* _EXERCISE INSTRUCTIONS_: Only the lines from the beginning of the entries through the one with "Кстати обратим внимание" should be written out, please, exactly and without any pictures.

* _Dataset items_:
★ ★ ★ ★ ★ ★ ★

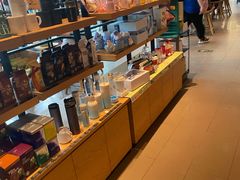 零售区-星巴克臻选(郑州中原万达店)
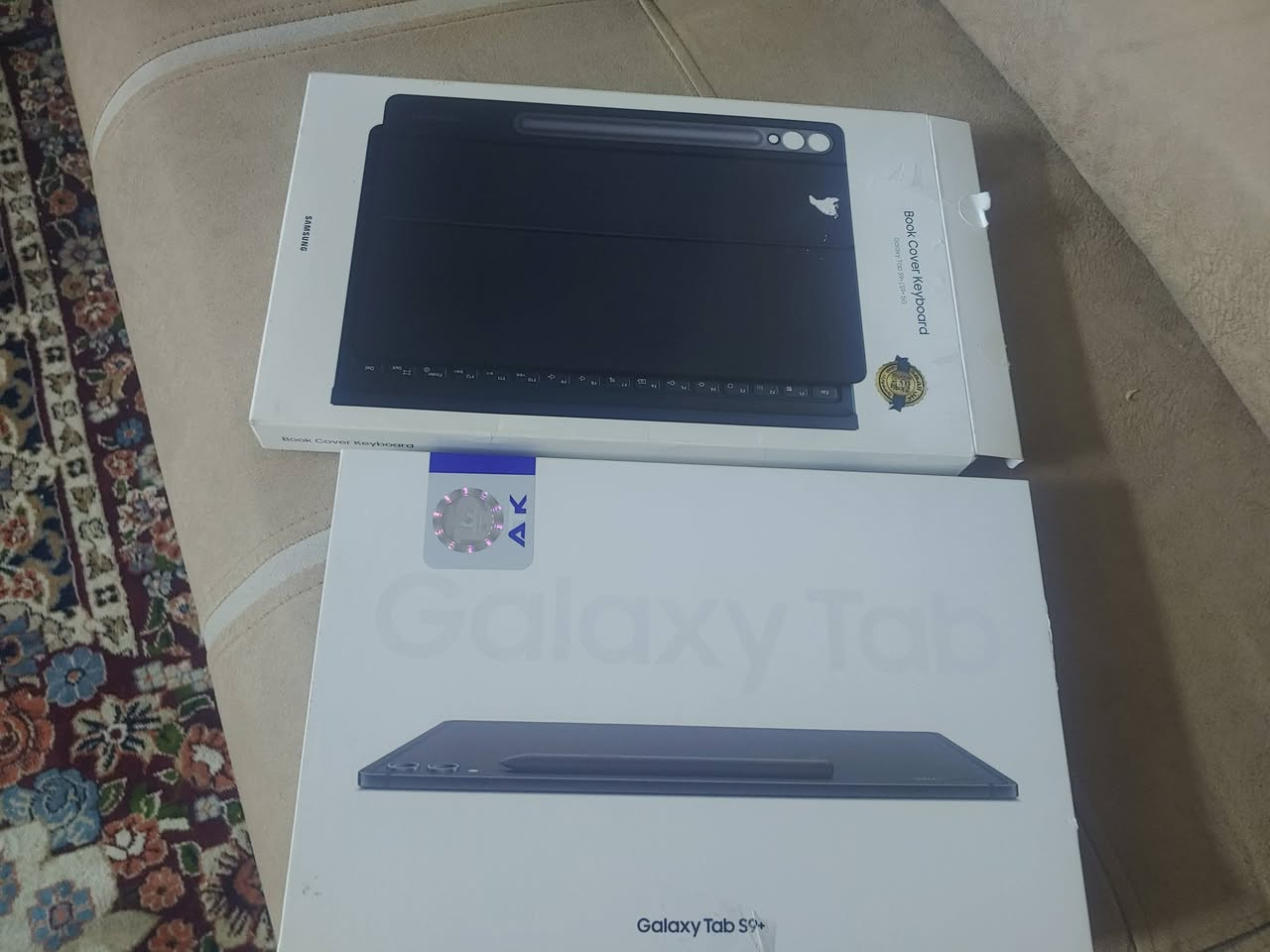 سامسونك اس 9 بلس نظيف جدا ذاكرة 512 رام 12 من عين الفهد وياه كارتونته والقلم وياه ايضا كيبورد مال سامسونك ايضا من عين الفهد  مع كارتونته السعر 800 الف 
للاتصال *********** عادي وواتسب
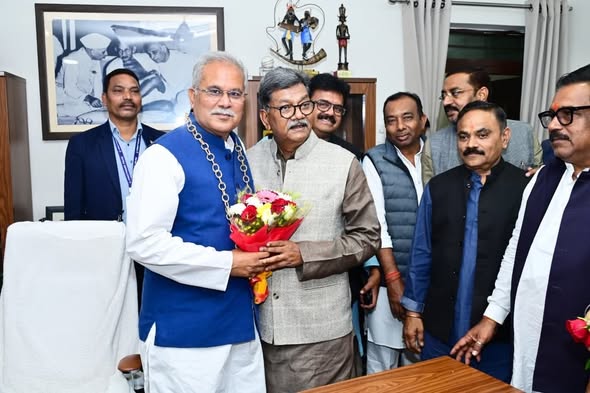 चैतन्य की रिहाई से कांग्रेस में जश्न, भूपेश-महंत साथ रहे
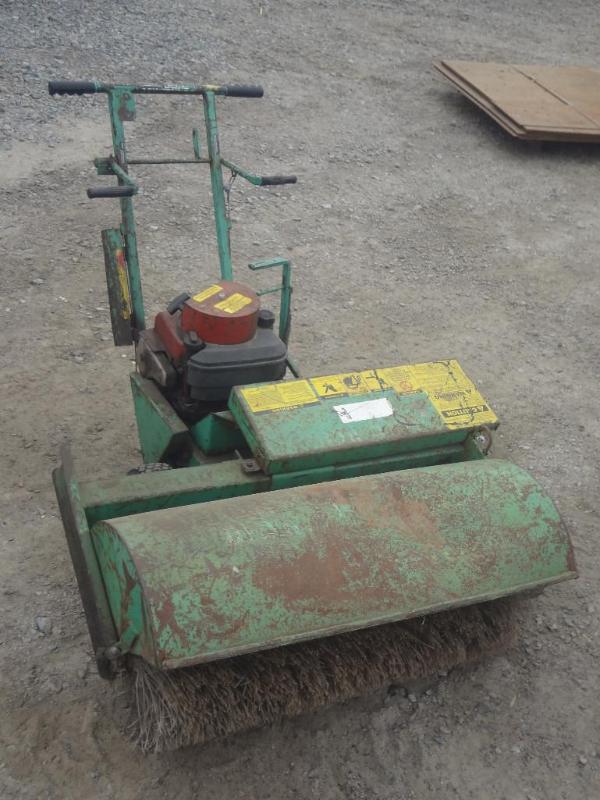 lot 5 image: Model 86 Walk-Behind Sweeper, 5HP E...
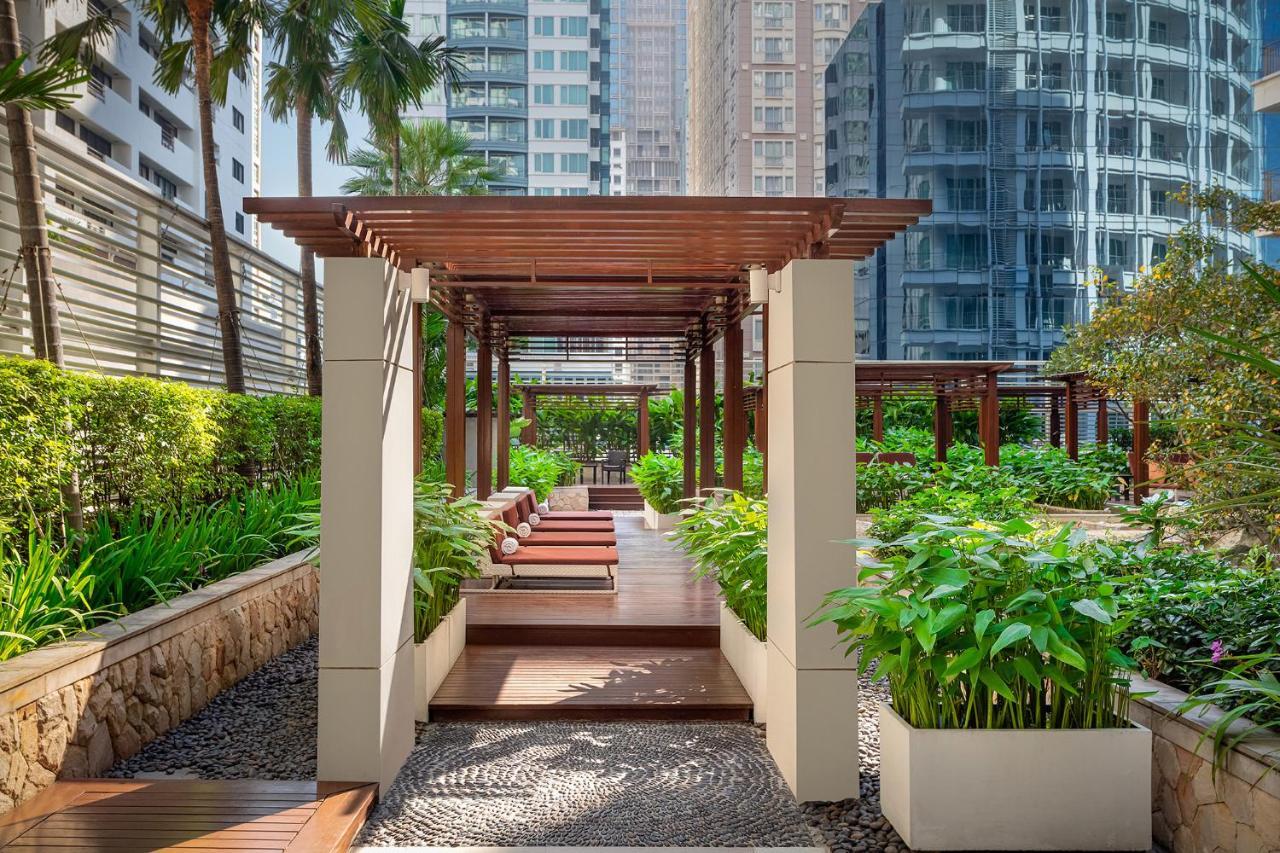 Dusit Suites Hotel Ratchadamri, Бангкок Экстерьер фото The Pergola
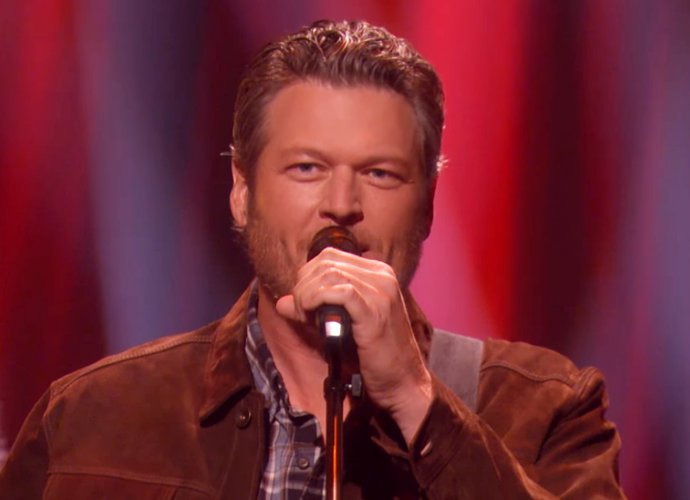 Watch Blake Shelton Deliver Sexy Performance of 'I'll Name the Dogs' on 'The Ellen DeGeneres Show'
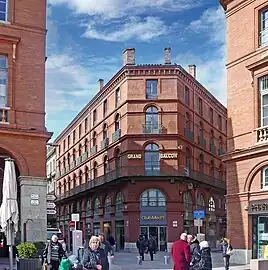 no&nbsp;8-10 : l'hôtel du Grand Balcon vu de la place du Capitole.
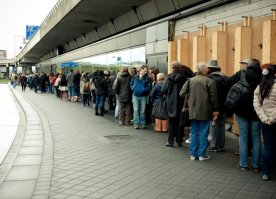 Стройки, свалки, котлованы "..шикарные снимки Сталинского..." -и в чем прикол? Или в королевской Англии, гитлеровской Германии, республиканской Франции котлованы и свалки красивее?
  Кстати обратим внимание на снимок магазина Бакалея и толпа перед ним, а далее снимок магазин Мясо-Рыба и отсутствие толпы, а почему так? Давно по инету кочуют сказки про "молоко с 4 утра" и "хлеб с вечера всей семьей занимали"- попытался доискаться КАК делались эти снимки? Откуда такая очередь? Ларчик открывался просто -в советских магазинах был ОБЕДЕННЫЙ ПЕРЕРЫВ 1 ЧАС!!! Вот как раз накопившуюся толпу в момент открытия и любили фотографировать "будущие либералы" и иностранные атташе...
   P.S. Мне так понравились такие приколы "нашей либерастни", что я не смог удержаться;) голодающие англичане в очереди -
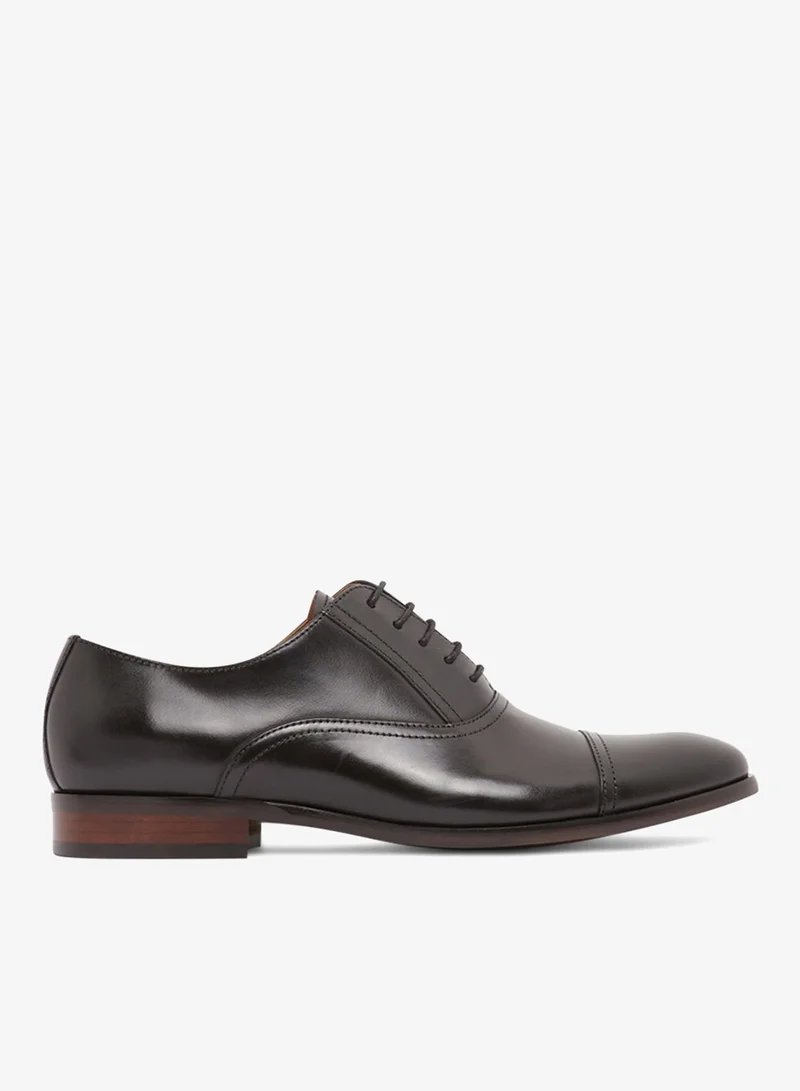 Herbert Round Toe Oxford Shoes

★ ★ ★ ★ ★ ★ ★

* _OUTPUT_:
 零售区-星巴克臻选(郑州中原万达店)
 سامسونك اس 9 بلس نظيف جدا ذاكرة 512 رام 12 من عين الفهد وياه كارتونته والقلم وياه ايضا كيبورد مال سامسونك ايضا من عين الفهد  مع كارتونته السعر 800 الف 
للاتصال *********** عادي وواتسب
 चैतन्य की रिहाई से कांग्रेस में जश्न, भूपेश-महंत साथ रहे
 lot 5 image: Model 86 Walk-Behind Sweeper, 5HP E...
 Dusit Suites Hotel Ratchadamri, Бангкок Экстерьер фото The Pergola
 Watch Blake Shelton Deliver Sexy Performance of 'I'll Name the Dogs' on 'The Ellen DeGeneres Show'
 no&nbsp;8-10 : l'hôtel du Grand Balcon vu de la place du Capitole.
 Стройки, свалки, котлованы "..шикарные снимки Сталинского..." -и в чем прикол? Или в королевской Англии, гитлеровской Германии, республиканской Франции котлованы и свалки красивее?
  Кстати обратим внимание на снимок магазина Бакалея и толпа перед ним, а далее снимок магазин Мясо-Рыба и отсутствие толпы, а почему так? Давно по инету кочуют сказки про "молоко с 4 утра" и "хлеб с вечера всей семьей занимали"- попытался доискаться КАК делались эти снимки? Откуда такая очередь? Ларчик открывался просто -в советских магазинах был ОБЕДЕННЫЙ ПЕРЕРЫВ 1 ЧАС!!! Вот как раз накопившуюся толпу в момент открытия и любили фотографировать "будущие либералы" и иностранные атташе...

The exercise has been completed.